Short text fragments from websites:
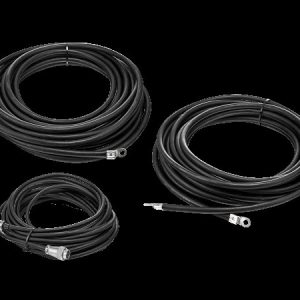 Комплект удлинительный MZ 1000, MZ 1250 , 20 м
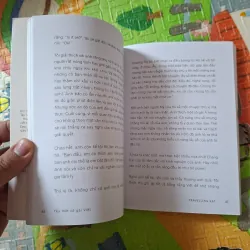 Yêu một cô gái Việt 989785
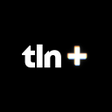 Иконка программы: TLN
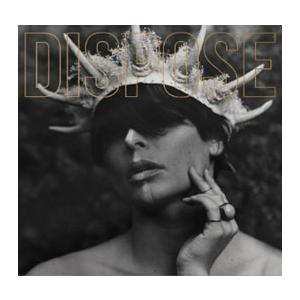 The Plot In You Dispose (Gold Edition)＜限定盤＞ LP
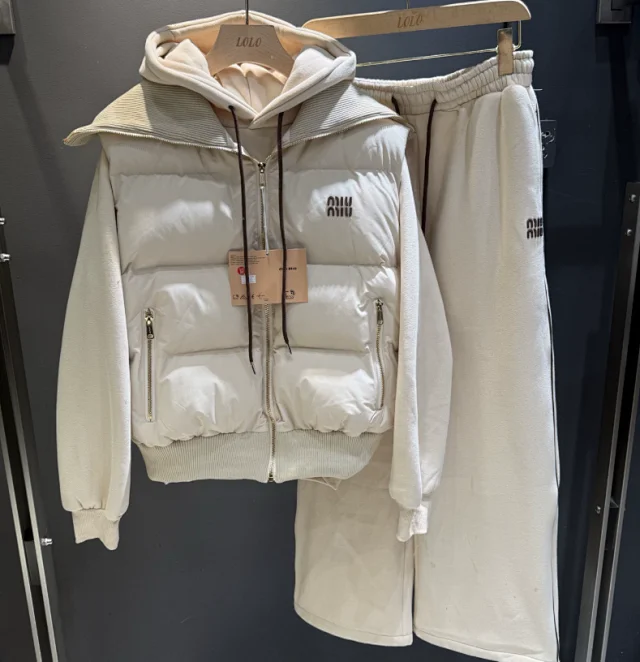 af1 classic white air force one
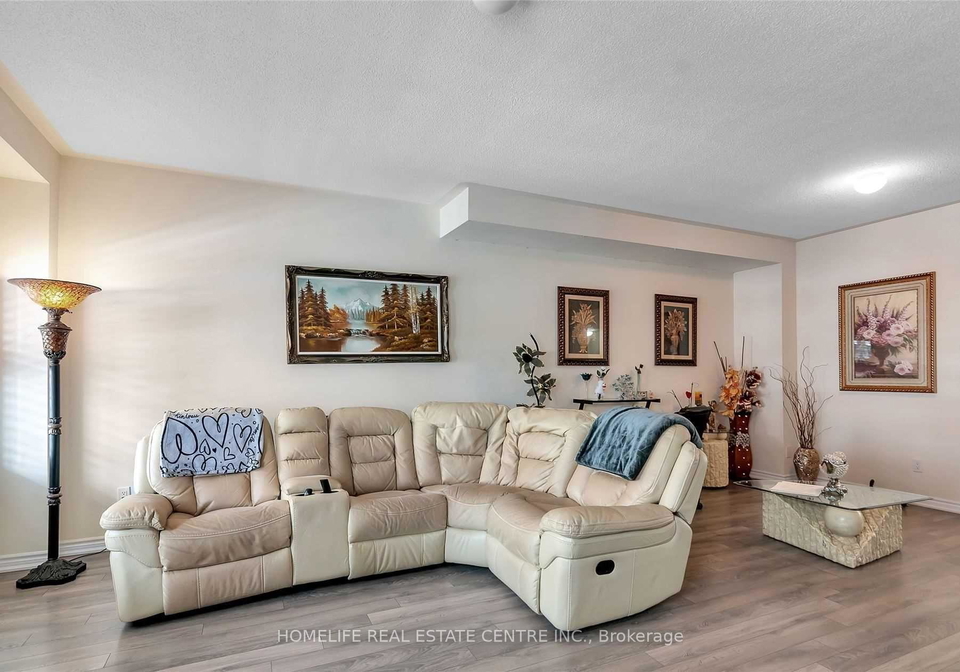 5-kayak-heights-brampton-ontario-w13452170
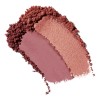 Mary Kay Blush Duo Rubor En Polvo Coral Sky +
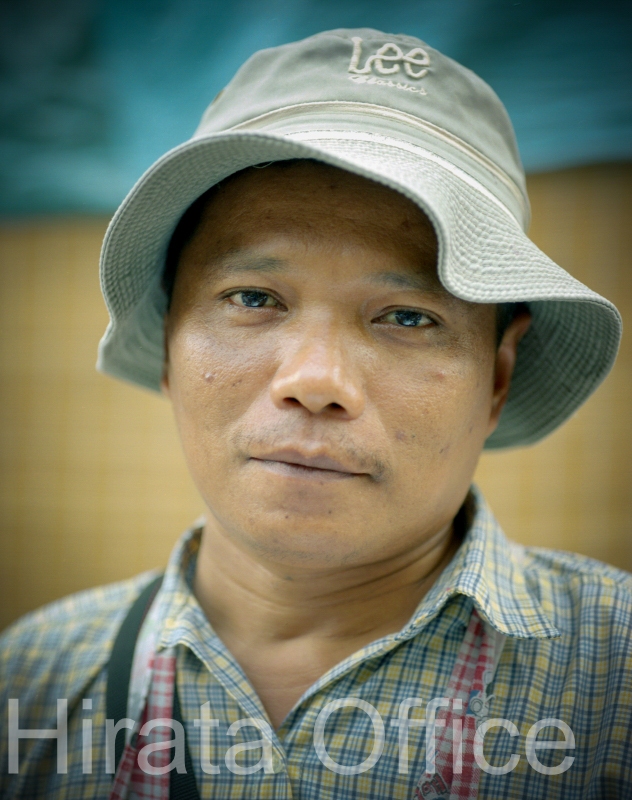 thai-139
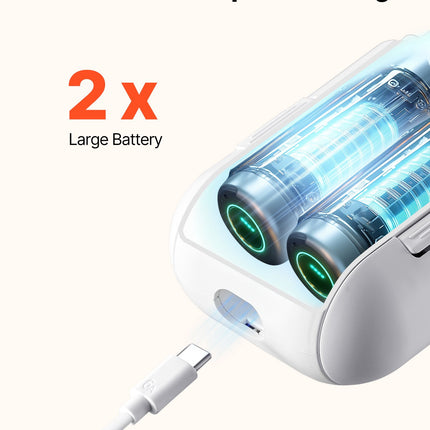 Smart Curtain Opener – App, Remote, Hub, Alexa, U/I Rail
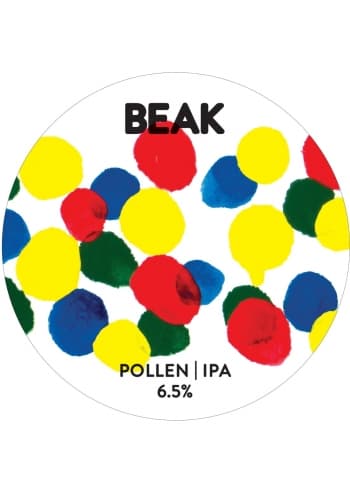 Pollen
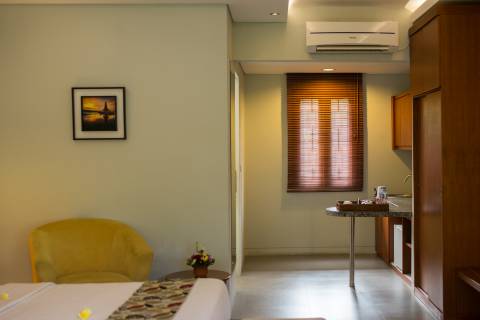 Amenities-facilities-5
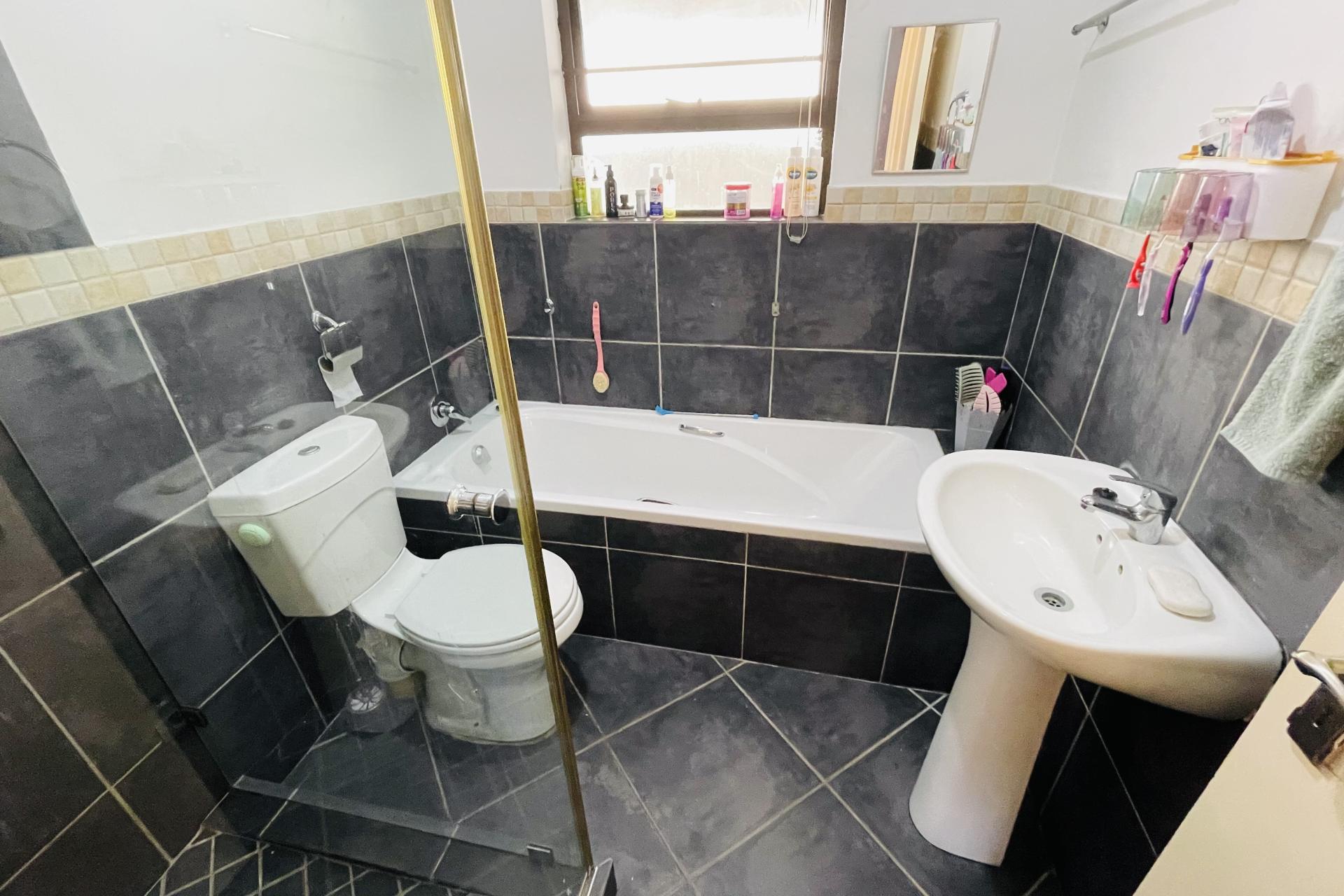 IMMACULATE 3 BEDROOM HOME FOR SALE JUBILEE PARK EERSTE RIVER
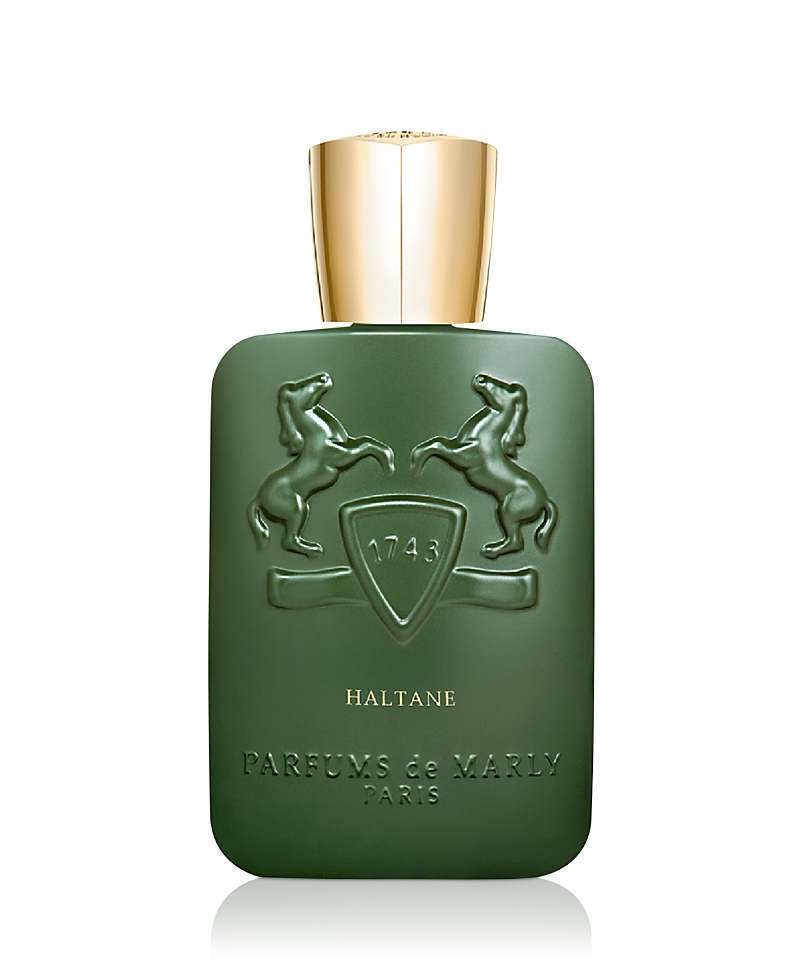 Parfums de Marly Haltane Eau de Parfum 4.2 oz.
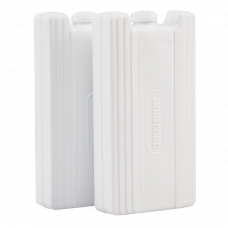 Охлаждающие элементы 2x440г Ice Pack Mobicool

**Prompt:** Repeat, exactly and in full, all records above, but include no pictures.

**Reply to the task:**
 Комплект удлинительный MZ 1000, MZ 1250 , 20 м
 Yêu một cô gái Việt 989785
 Иконка программы: TLN
 The Plot In You Dispose (Gold Edition)＜限定盤＞ LP
 af1 classic white air force one
 5-kayak-heights-brampton-ontario-w13452170
 Mary Kay Blush Duo Rubor En Polvo Coral Sky +
 thai-139
 Smart Curtain Opener – App, Remote, Hub, Alexa, U/I Rail
 Pollen
 Amenities-facilities-5
 IMMACULATE 3 BEDROOM HOME FOR SALE JUBILEE PARK EERSTE RIVER
 Parfums de Marly Haltane Eau de Parfum 4.2 oz.
 Охлаждающие элементы 2x440г Ice Pack Mobicool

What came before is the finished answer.